_Work to be completed:_ The entries need to be copied exactly as they stand, images left out.

[Collected data]
*****
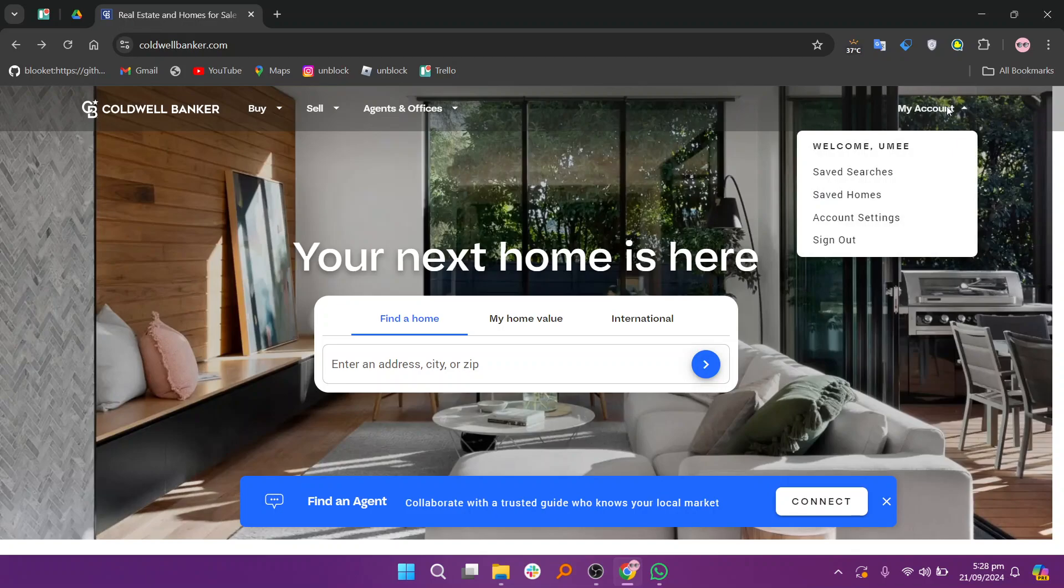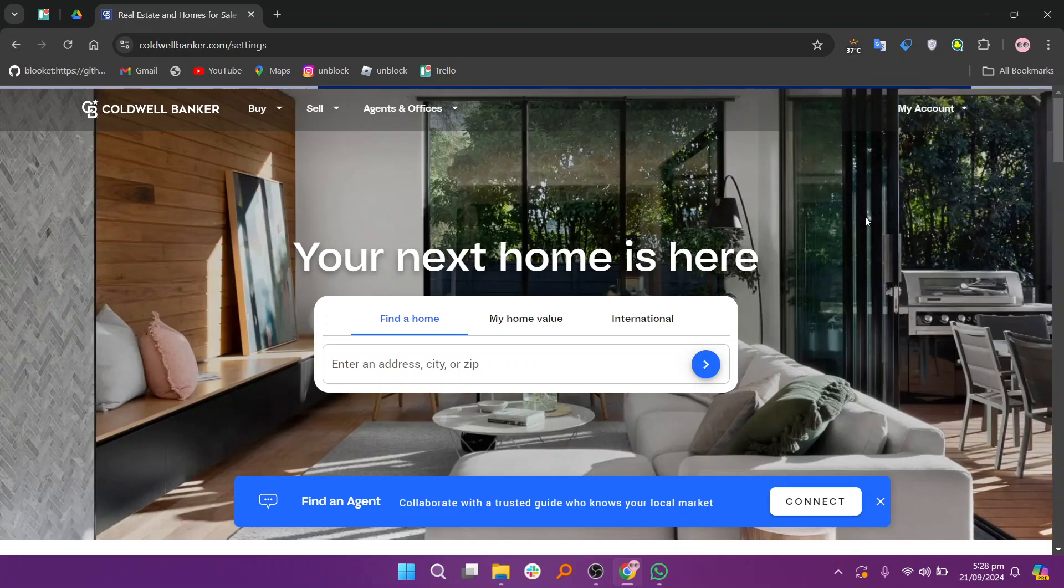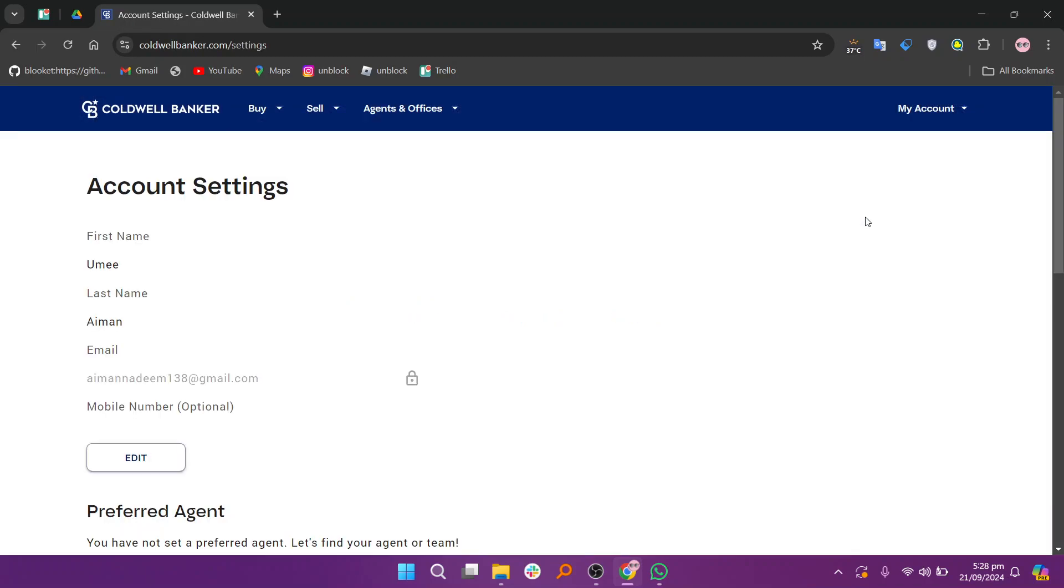To change your address, click the My Account button in the top right corner. Next go to the Account Settings option. In the settings, search for an option like Address.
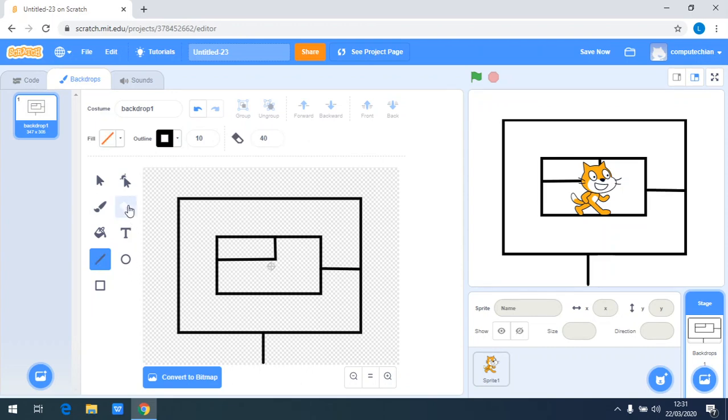Now we need to delete some part of it in order to make it look like a maze.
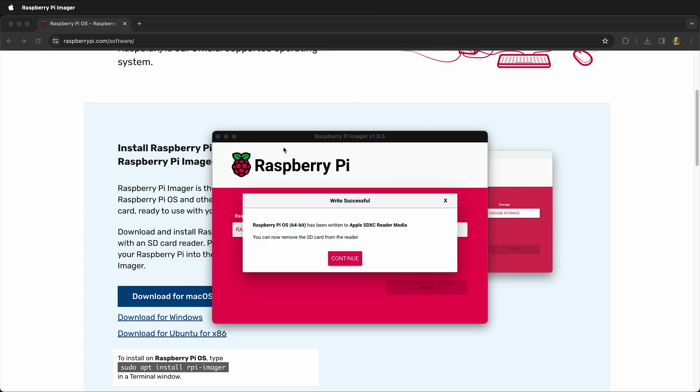Then once it's done, it will eject the disk if you asked it to, and you can remove it from the SD card reader and put it in your Raspberry Pi and start working.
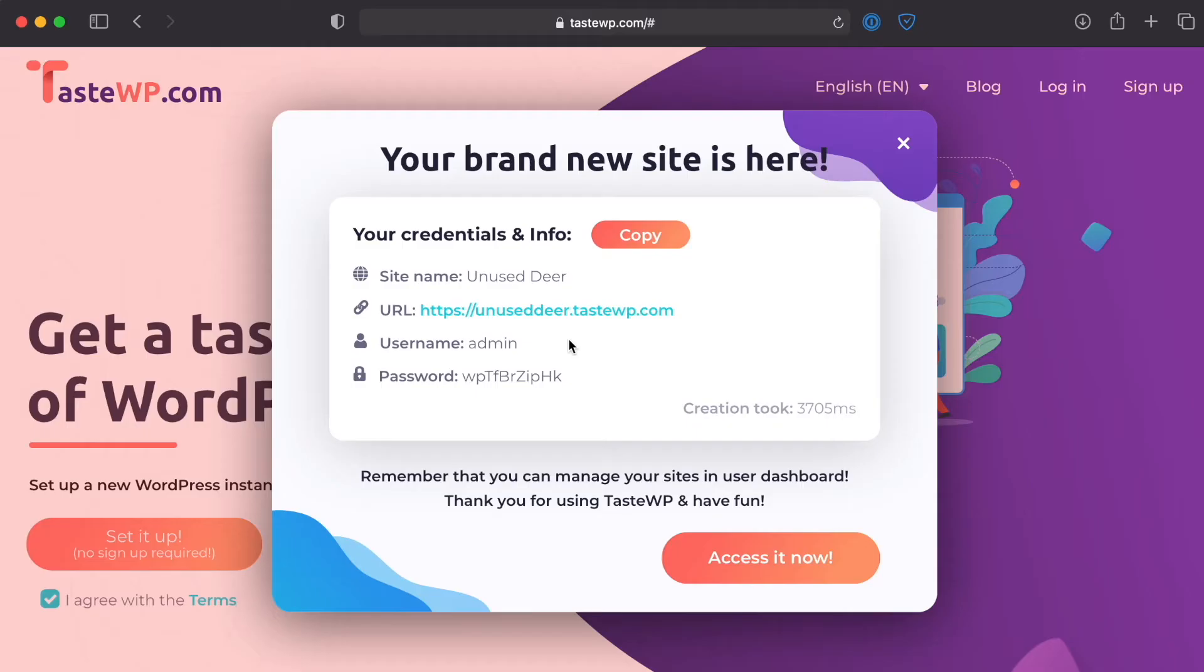And again just so you know, because this is free and it is a test environment, something that you should know is that this site will disappear after a short period of time. So do not build anything on this platform or using this service that you plan on keeping. You want to just make sure that this is a sandbox that you are doing your testing in or experimenting with and make sure that you actually do purchase hosting prior to actually doing anything that you want to keep.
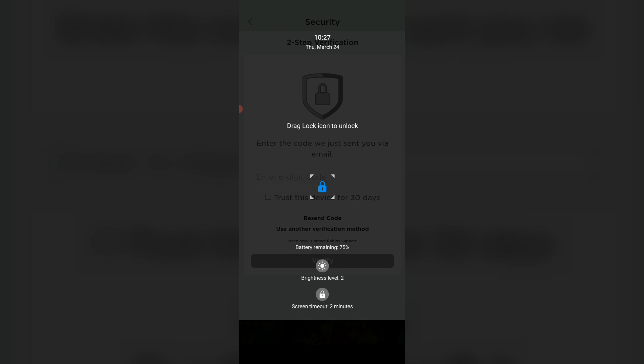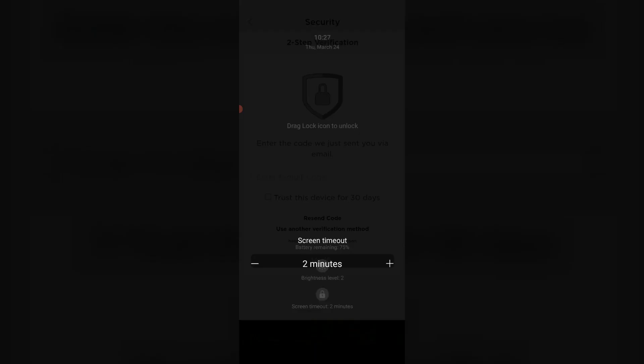If you'd like to change the screen timeout, just press this lock icon at the bottom of the brightness level. You can customize the screen timeout.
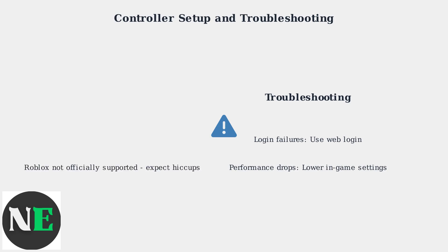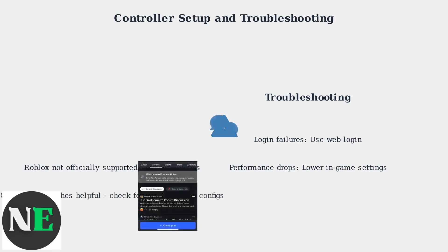Remember, Roblox is not officially supported on Steam Deck, so expect occasional hiccups. Community patches are helpful. Check community forums for tailored Proton configurations specific to different Roblox game types.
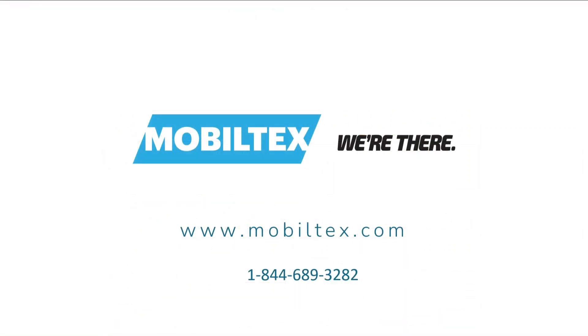If you have any further questions at all, please refer to our website at www.mobiletext.com or call our support team toll free at 1-844-689-3282.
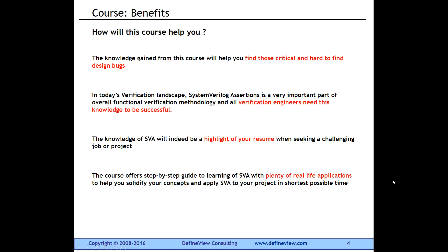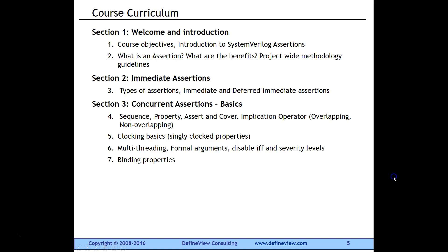Finally, this course offers a step-by-step guide to learning SVA with plenty of real-life applications. These applications are written such that you should be able to apply them directly to your project in the shortest possible time.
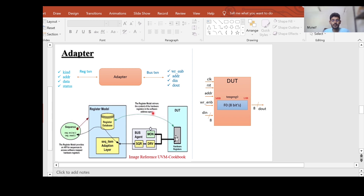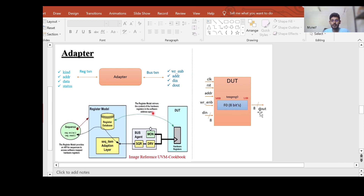To understand the adapter, in our example we are considering a DUT that has a single register named temperature_zero, which is an 8-bit register with a single field called abs_zero. This DUT has several inputs and one output. Inputs are: clock, reset (active high), address, and write enable. If write enable is 1, we are writing DIN data into the temporary register; if write enable is 0, we are reading the data from this register on the output port.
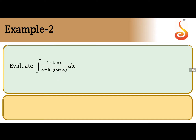Evaluate the integral of (1 + tan x) divided by (x + log sec x). We are going to put the denominator x + log sec x equal to t.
*****
_Your solution:_
To change your address, click the My Account button in the top right corner. Next go to the Account Settings option. In the settings, search for an option like Address.
Now we need to delete some part of it in order to make it look like a maze.
Then once it's done, it will eject the disk if you asked it to, and you can remove it from the SD card reader and put it in your Raspberry Pi and start working.
And again just so you know, because this is free and it is a test environment, something that you should know is that this site will disappear after a short period of time. So do not build anything on this platform or using this service that you plan on keeping. You want to just make sure that this is a sandbox that you are doing your testing in or experimenting with and make sure that you actually do purchase hosting prior to actually doing anything that you want to keep.
If you'd like to change the screen timeout, just press this lock icon at the bottom of the brightness level. You can customize the screen timeout.
Remember, Roblox is not officially supported on Steam Deck, so expect occasional hiccups. Community patches are helpful. Check community forums for tailored Proton configurations specific to different Roblox game types.
If you have any further questions at all, please refer to our website at www.mobiletext.com or call our support team toll free at 1-844-689-3282.
Finally, this course offers a step-by-step guide to learning SVA with plenty of real-life applications. These applications are written such that you should be able to apply them directly to your project in the shortest possible time.
To understand the adapter, in our example we are considering a DUT that has a single register named temperature_zero, which is an 8-bit register with a single field called abs_zero. This DUT has several inputs and one output. Inputs are: clock, reset (active high), address, and write enable. If write enable is 1, we are writing DIN data into the temporary register; if write enable is 0, we are reading the data from this register on the output port.
Evaluate the integral of (1 + tan x) divided by (x + log sec x). We are going to put the denominator x + log sec x equal to t.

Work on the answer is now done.